I have an Autotrail and my solar panel plugs into the electrical power unit which is made by Sargent. It's great because it decides whether to send charge to the engine battery or the two leisure batteries.

Maybe your Autocruise also has a Sargent unit, Visit sargentshop.co.uk for info or maybe the helpful man from Sargent will read your post

regards
mickyloo


----------



## drcotts (Feb 23, 2006)

Hello fellow startail owner

I think..but am not sure that theres a connection plug in the TV cabinet over the fridge. This is a conveinient point for the wiring which of course will come through the roof.
I had a my solar panel fitted but didnt use this feature and had it connected straight to the battery which you can of course do and the wiring can be run into the same cabinet and down the back of the fridge and across the entrance step via the alum running strip thats across the floor - and into the battery box so its not that difficult. You will lose the feature of charging the van battery when the leisure is full but thats all. you will still be able to monitor the state of both batteries via the panel. 
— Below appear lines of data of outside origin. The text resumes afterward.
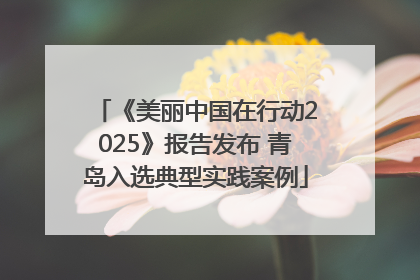 《美丽中国在行动2025》报告发布 青岛入选典型实践案例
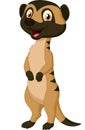 Cute meerkat cartoon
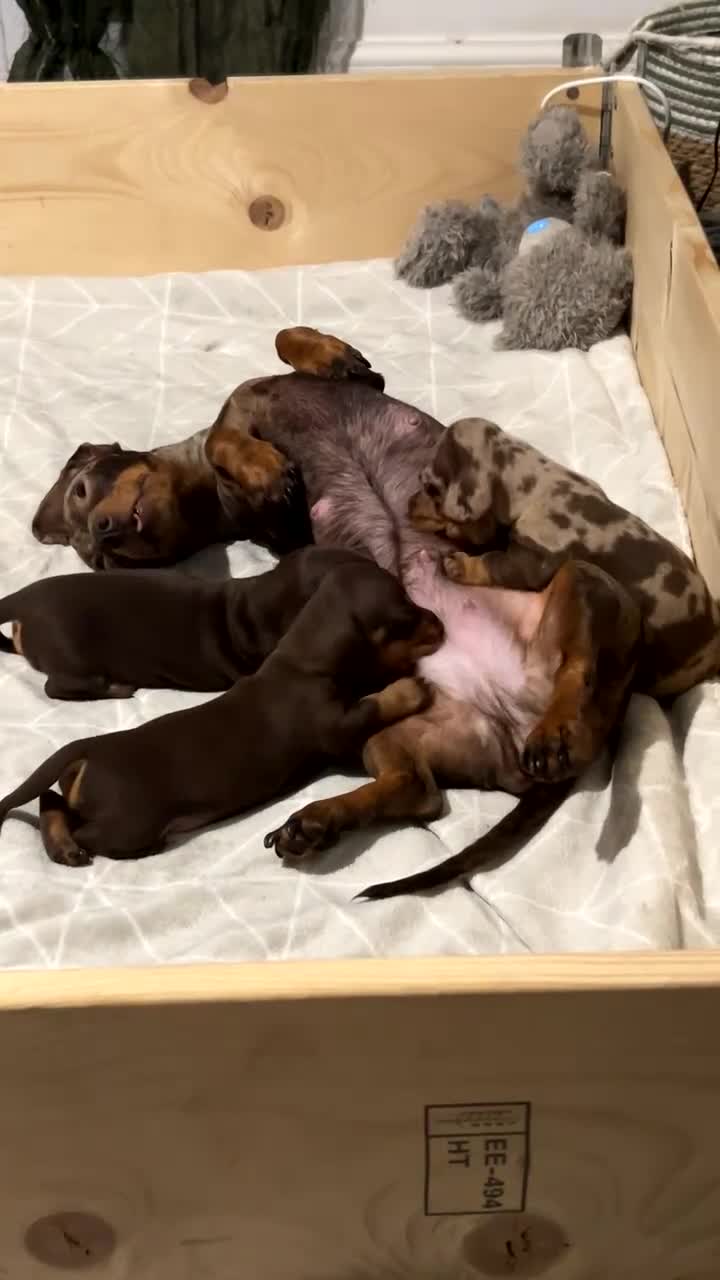 Miniature Dachshund dogs for sale: 2 little ladies KC registered  - Video 2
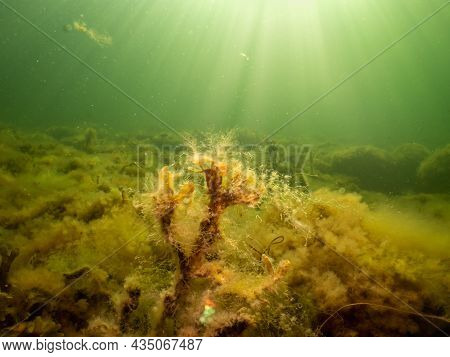 Fucus Vesiculosus Or Bladderwrack Lit Up By Rays Of Sunlight Penetrating The Water. Picture From The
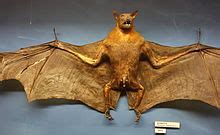 Large flying fox - Wikipedia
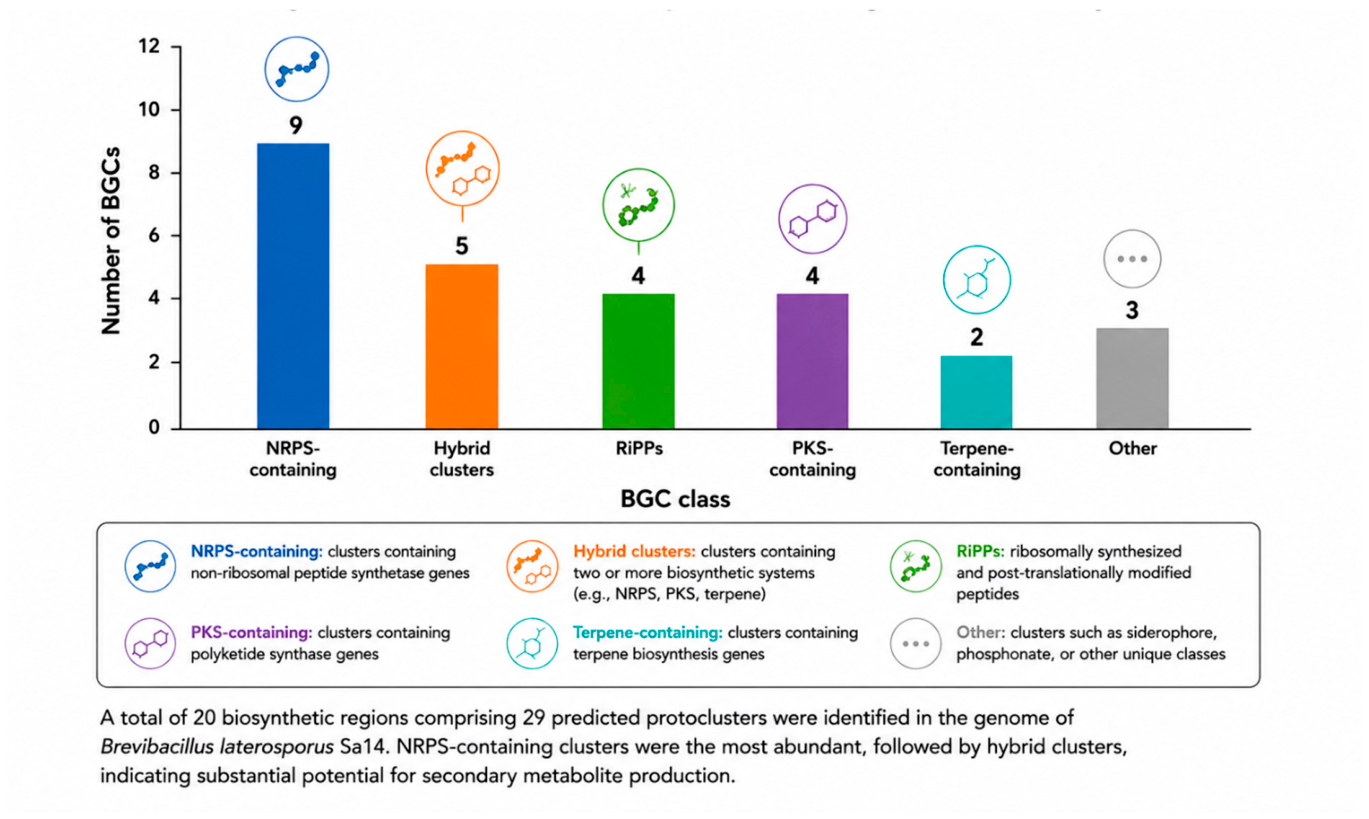 Preprints 216397 g001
If you contact autocruise they should tell you where the plug is for certain as most dealers ...i say most not all dont know where it is either. An AC dealer fitted mine..

Good luck with the ST 

Phill


----------



## GerryD (Sep 20, 2007)

If it is a new Startrail, which is based on the Swift Sundance, there is a lead possibly hidden behind a removable panel in the corner of the cupboard where the main power unit is. The lead terminates in a small 2pin connection.
Gerry


----------



## tomnjune (May 1, 2005)

hi

thanks for replies, going into van to investigate further, checking cupboard above fridge first, there is wiring in there, but sure nothing was terminating in block connector,as stated in handbook.

it is a sargent unit, if i cant find, i will give them a call, or go the way of drcotts and wire to leisure batt.

thanks again.

tomnjune


----------



## Techno100 (May 8, 2010)

may need one of these?
http://www.ebay.co.uk/itm/230583080...AX:IT&_trksid=p3984.m1423.l2649#ht_3468wt_910


----------